| Records shown |
########

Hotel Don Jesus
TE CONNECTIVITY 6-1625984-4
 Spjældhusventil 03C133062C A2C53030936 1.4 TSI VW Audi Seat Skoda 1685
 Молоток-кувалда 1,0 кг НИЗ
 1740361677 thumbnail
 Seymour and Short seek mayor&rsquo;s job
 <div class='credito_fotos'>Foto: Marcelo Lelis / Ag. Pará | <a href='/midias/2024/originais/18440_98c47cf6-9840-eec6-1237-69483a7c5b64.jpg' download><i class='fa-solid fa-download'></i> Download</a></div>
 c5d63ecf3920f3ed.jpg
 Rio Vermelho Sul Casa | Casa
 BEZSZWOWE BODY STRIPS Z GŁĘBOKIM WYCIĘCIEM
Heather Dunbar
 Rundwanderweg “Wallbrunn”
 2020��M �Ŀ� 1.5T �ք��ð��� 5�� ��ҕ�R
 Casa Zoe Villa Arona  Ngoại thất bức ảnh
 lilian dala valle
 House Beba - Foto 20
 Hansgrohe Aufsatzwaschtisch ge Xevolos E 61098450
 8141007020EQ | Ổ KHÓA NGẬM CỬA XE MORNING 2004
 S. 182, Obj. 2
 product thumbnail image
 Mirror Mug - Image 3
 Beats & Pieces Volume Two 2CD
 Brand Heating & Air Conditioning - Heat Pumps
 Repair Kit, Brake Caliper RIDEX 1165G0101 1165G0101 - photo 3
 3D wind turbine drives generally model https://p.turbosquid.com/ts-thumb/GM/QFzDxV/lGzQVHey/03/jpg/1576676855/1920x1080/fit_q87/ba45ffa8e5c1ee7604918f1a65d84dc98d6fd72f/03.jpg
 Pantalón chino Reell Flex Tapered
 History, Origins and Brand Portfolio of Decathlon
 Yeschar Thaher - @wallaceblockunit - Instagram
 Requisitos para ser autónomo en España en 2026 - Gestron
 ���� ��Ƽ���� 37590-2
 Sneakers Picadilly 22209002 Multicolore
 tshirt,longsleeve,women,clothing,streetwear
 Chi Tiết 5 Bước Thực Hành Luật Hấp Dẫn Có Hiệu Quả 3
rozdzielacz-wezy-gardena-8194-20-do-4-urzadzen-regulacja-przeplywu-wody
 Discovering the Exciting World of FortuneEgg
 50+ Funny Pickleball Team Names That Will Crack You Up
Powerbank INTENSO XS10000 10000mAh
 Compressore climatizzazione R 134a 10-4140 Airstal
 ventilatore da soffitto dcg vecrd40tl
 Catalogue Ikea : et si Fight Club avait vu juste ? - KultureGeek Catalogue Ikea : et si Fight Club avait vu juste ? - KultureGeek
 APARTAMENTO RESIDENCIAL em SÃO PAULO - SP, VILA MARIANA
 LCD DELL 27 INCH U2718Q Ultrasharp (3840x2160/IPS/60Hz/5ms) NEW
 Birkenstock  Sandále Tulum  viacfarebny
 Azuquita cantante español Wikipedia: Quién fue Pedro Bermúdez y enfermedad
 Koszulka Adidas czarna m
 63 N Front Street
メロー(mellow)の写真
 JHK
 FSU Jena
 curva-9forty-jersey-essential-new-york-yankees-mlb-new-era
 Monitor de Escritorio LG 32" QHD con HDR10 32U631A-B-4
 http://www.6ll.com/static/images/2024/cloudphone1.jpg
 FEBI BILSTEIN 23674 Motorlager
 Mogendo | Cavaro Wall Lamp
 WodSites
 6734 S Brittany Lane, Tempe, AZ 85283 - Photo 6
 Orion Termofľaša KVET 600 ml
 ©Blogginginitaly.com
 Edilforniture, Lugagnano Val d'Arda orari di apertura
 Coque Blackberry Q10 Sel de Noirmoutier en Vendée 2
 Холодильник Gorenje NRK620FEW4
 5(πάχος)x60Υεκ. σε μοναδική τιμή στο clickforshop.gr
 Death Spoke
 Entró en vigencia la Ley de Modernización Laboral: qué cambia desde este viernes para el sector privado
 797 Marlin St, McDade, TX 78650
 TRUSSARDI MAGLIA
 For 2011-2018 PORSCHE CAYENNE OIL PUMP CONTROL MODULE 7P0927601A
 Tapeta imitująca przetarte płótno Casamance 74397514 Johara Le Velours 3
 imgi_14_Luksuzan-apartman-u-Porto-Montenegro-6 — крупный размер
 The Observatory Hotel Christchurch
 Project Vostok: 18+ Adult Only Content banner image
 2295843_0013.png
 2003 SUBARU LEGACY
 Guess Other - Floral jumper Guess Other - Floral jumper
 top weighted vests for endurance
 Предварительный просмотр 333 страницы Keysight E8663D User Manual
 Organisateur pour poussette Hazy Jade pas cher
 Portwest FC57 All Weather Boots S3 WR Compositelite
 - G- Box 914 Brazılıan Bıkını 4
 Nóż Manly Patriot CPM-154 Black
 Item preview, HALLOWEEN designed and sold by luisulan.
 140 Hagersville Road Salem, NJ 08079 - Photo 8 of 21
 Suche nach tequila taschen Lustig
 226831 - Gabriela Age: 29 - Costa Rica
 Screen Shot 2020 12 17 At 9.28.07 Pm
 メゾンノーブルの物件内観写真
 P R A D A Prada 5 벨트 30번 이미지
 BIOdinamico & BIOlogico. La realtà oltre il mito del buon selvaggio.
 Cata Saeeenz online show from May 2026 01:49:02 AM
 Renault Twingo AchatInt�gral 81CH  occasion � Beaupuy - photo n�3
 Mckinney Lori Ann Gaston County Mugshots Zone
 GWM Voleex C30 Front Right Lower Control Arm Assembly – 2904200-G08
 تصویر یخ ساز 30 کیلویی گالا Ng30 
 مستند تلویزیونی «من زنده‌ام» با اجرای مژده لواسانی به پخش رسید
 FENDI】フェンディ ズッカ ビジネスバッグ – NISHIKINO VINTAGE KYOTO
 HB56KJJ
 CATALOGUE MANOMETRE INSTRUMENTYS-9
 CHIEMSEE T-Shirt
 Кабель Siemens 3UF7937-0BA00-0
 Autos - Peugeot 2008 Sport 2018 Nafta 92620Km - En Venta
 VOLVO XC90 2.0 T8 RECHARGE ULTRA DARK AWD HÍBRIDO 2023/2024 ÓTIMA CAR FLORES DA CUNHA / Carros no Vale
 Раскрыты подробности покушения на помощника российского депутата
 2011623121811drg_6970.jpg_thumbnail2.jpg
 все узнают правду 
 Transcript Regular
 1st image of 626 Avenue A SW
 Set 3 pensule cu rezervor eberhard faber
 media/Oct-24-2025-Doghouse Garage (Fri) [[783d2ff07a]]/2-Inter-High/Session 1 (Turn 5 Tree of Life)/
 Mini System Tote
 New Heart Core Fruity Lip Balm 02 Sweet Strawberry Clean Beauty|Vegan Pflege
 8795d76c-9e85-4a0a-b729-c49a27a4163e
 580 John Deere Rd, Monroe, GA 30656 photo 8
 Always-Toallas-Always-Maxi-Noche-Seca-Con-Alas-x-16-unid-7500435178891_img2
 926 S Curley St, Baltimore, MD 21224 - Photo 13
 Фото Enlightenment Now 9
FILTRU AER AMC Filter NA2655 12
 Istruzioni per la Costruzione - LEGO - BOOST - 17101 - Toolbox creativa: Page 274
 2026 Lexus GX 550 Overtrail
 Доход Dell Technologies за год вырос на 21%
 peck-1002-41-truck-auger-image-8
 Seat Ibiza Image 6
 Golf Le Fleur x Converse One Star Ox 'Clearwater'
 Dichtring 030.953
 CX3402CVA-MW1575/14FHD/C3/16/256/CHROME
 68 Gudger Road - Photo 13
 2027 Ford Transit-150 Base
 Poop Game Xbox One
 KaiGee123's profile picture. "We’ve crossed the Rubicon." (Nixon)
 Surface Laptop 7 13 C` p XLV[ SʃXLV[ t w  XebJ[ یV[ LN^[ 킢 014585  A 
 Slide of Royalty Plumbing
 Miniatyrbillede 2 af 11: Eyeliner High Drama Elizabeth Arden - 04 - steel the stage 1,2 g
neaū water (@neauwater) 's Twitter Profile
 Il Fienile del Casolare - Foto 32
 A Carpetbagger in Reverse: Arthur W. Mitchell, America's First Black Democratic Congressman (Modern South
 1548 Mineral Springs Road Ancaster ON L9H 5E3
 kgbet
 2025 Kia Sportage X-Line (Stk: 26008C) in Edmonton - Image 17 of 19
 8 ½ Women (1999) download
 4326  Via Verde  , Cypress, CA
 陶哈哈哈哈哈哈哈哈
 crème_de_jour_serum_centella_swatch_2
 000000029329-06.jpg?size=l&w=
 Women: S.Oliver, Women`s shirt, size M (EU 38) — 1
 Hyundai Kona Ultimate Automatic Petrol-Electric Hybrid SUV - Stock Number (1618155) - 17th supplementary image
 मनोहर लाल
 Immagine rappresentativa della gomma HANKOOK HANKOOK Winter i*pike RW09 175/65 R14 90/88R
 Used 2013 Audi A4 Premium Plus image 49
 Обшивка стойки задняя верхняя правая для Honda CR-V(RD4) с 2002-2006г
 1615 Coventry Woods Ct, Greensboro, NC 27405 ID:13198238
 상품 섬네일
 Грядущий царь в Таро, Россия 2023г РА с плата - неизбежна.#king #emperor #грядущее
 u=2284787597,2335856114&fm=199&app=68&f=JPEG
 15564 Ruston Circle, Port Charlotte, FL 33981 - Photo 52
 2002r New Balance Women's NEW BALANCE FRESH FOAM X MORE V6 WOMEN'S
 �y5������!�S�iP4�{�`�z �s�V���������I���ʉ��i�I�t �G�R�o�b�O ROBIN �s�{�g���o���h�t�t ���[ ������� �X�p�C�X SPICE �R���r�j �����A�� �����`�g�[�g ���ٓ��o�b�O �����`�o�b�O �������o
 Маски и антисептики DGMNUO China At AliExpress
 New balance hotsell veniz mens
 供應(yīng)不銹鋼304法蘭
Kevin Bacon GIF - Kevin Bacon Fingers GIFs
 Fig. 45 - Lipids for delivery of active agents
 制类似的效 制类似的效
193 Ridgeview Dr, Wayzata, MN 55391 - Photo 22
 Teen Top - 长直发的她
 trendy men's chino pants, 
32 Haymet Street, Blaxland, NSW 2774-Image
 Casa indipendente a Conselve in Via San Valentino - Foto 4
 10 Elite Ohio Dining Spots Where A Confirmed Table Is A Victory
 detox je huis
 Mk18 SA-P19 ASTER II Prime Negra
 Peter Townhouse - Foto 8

########

Set down, word for word, the line that contains "Teen Top - 长直发的她" and all lines after it up to the end of the listing.

| Your solution |
 Teen Top - 长直发的她
 trendy men's chino pants, 
32 Haymet Street, Blaxland, NSW 2774-Image
 Casa indipendente a Conselve in Via San Valentino - Foto 4
 10 Elite Ohio Dining Spots Where A Confirmed Table Is A Victory
 detox je huis
 Mk18 SA-P19 ASTER II Prime Negra
 Peter Townhouse - Foto 8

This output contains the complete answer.